Oct 1 Banks are pushing ahead with plans to raise around 200 million euros ($223.12 million) to finance German lift components maker Wittur's merger with Italy's Sematic Group despite volatile markets and concern about Wittur's exposure to China, bankers said on Wednesday. Credit Suisse is leading the underwritten debt financing with Barclays and Deutsche Bank, which is currently being pre-marketed to a small group of loan investors. The three banks are trying to raise as much of the financing in the leveraged loan market as possible to avoid tapping the high-yield bond market, which remains all but closed after September's global market volatility pushed prices wider. Wittur, its private equity owners and the arranging banks may have to pay up to issue the new loan as the company's existing loans and bonds are trading at a significant discount in the secondary markets."The debt is trading low, so any new debt will have to be attractive to buy, otherwise you can buy it cheaper on the secondary market," one of the sources said. Wittur's 195 million euro term loan B was quoted at 96.25 percent of face value in Europe's secondary loan market on October 1, according to Thomson Reuters LPC data. Wittur's 225 million euro senior notes were quoted at around 88.5 percent of face value on the secondary market, sources said. Wittur's private equity owner Bain Capital and Sematic's joint owners, Carlyle and the Zappa family agreed to transfer a controlling interest in Sematic to Wittur in August.
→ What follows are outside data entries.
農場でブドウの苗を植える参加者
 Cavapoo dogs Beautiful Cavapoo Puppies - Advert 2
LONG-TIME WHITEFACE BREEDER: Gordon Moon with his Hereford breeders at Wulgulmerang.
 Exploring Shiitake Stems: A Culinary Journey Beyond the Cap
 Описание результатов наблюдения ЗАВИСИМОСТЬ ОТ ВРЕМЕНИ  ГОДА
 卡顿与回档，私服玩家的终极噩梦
Carlyle and Zappa have retained a stake in the combined company. Wittur's year-to-date revenue was 393.6 million euros in August 2015, up 17.5 percent on the same period of 2014. Earnings also grew 17.5 percent to 58.8 million euros in the same time, thanks to solid business in Asia and growth in Europe, the company said on September 30. Wittur could struggle to match 2014 full year sales of 521.9 million euros and EBITDA of 75.5 million euros as China's slowing economy is hitting the construction sector, bankers said. On Wednesday, the company reiterated previous guidance that sales and adjusted EBITDA will be above 2014 levels.
ADDITIONAL INCENTIVES? Low secondary trading prices mean that the arranging banks could have to offer incentives to investors to make the paper more attractive than current secondary levels, including discounts or higher pricing, bankers said. As the loan has been underwritten, the arranging banks are on the hook to give the full amount of debt to Wittur.
Loans typically include flex language to cover changes to a deal but significant changes can potentially reduce or wipe out banks' returns."If the new debt is going to be in line with existing debt, it will have to be sold at quite a big discount," a second source said. Some investors are calling for Wittur's private equity owners to put more equity into the deal to reduce the size of the debt and cut leverage to make the deal more attractive to investors, the sources said. Wittur's acquisition of Sematic, which has a strong presence in Europe, is also expected to dilute and diversify its Chinese exposure, giving a stronger credit story."The Sematic acquisition will result in a more balanced regional diversification based on the higher share of European business, thereby substantially reducing the China/Asia share of revenues," Yara Kes, Wittur spokesperson, said. Greater awareness of merger synergies could also boost Wittur's secondary trading price, some bankers said, although others remain unconvinced. Carlyle was not immediately available to comment. Bain and Credit Suisse declined to comment. ($1 = 0.8921 euros) ($1 = 0.8964 euros)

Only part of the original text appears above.